«Le cas Nicolas Rioux», satire du tribunal populaire

Élu parmi une quarantaine de projets pour être présenté en formule 5 à 7 dans les coulisses du théâtre Duceppe, Le cas Nicolas Rioux brasse des sujets très actuels. Erika Mathieu — lauréate d’un prix Gémeaux pour son émission numérique jeunesse Nomades — a choisi un microcosme très localisé pour incarner ces larges thèmes : dérive des médias sociaux, jugement populaire, culture du bannissement, extrémisme des discours.
La pièce reproduit, avec une attention amusante portée aux détails de la procédure, une séance « extraordinaire » du conseil municipal d’une petite ville, convoquée parce que le dramaturge embauché par le centre culturel aurait usé d’appropriation culturelle. Mais ce débat entourant un texte que personne ne semble avoir lu en entier se révèle bientôt être un procès de l’auteur absent. Un enfant du pays revenu chez lui après avoir tenu un petit rôle dans une télésérie à Montréal, cette « capitale des péteux de broue »…
Vindicte populaire tous azimuts
En moins d’une heure, le texte opère une efficace succession de retournements, et de surprenants changements de ton.
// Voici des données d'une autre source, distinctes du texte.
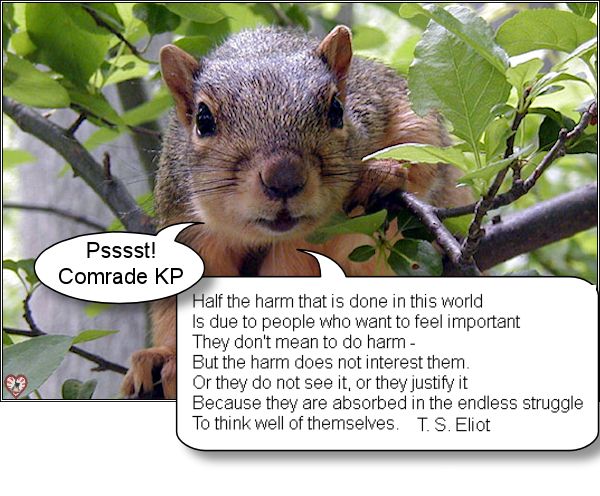 Squirrel Talk.jpg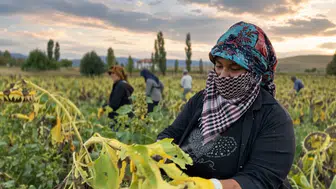 Çayırlı'da ayçiçeği hasadı başladı: Kuraklığa rağmen 8 bin ton rekolte beklentisi
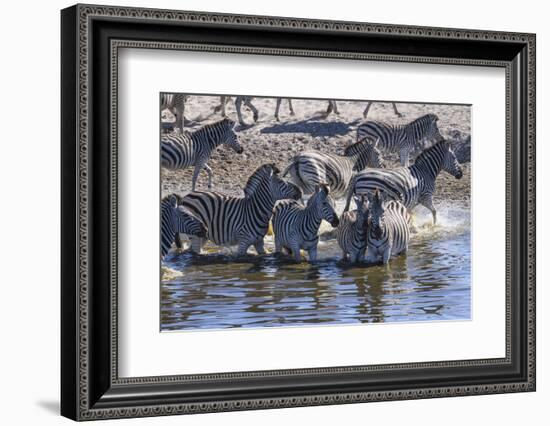 Burchell's zebra (Equus quagga burchellii) drinking in the Boteti River, Botswana-Gary Cook-Framed Photographic Print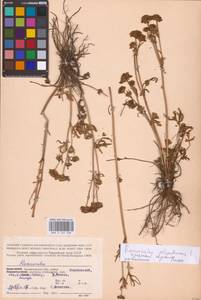 Лютик многоцветковый L., Восточная Европа, Северный район (E1) (Россия)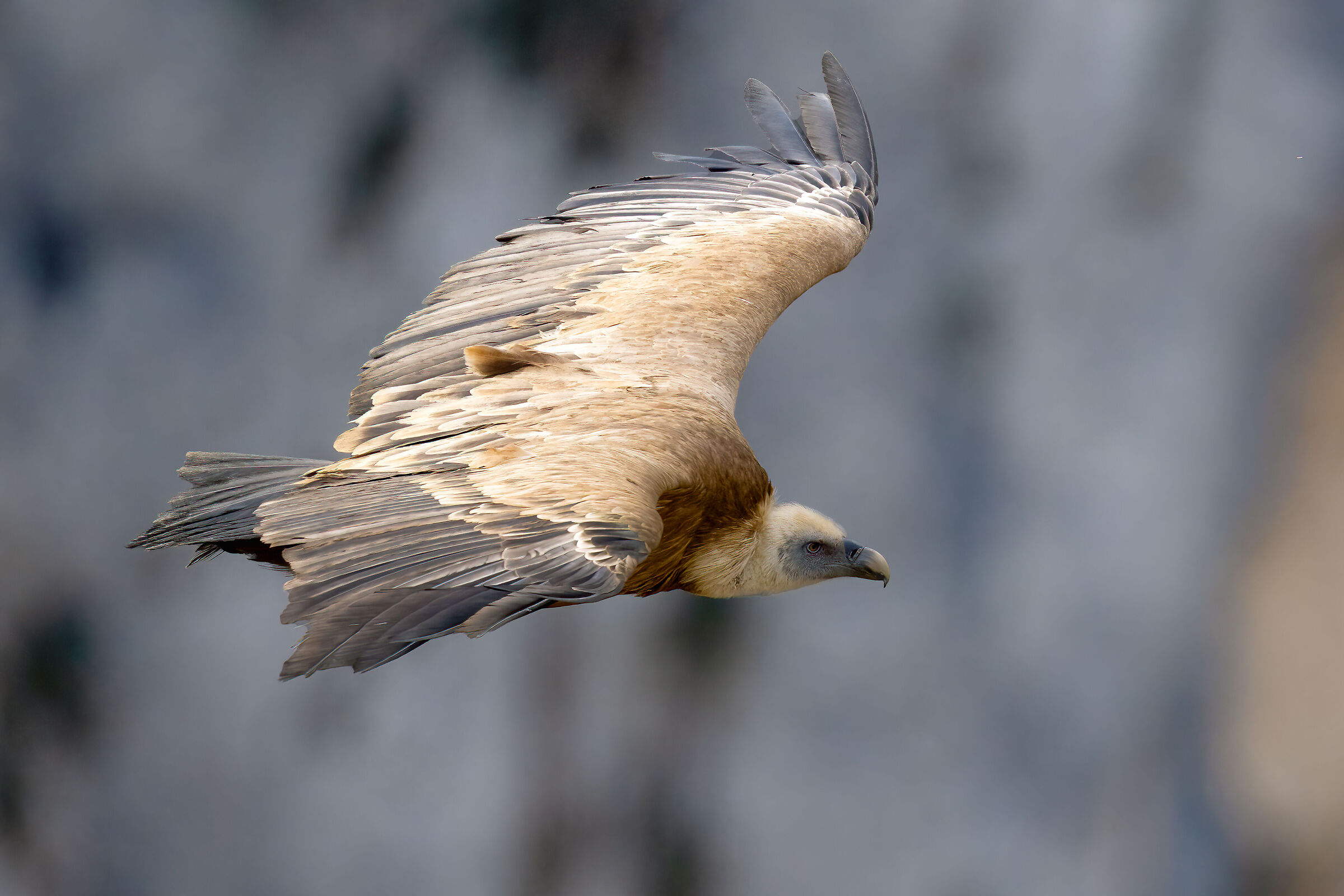 Griffon Vulture - Gorges du Verdon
On a d’abord droit à une entrée en matière très conviviale, le spectacle mis en scène par Patrick R. Lacharité tirant fort bien parti du contexte 5 à 7 et de la proximité entre scène et salle : les sandwichs offerts à la collation sont intégrés dans le récit, et les comédiens s’adressent aux spectateurs comme si ceux-ci assistaient au conseil. La conseillère de Manon Lussier et le maire très bonhomme campé par un crédible François Trudel se prêtent notamment au jeu.
Puis la séance dégénère — faisant dériver le récit hors du réalisme. La pièce s’avère visiblement une satire des condamnations hâtives et excessives qui font rage sur les réseaux sociaux. L’autrice pousse la démonstration à fond, dépeignant un groupe qui s’emporte jusqu’à réclamer des punitions démentielles. Exprimer ces déclarations à haute voix, plutôt que dans le monde virtuel, paraît en exacerber encore le caractère outrancier. Un ultime revirement verra la vindicte populaire trouver un ennemi plus approprié — justifiant ainsi sa hargne ? Cela reste un peu ambigu.
Le cas Nicolas Rioux illustre éloquemment qu’il est beaucoup plus facile d’être virulent en l’absence physique de l’intéressé et que, souvent, la violence des débats a peu à voir avec le sujet discuté, sur lequel certains possèdent peu d’informations… On découvre ainsi une rancoeur personnelle ou des préjugés qui sous-tendent les interventions émotives des personnages joués avec conviction par Joëlle Paré-Beaulieu, Christophe Payeur et Alex Trahan. Le constat de la pièce n’a peut-être rien d’inédit, mais sa charge satirique porte.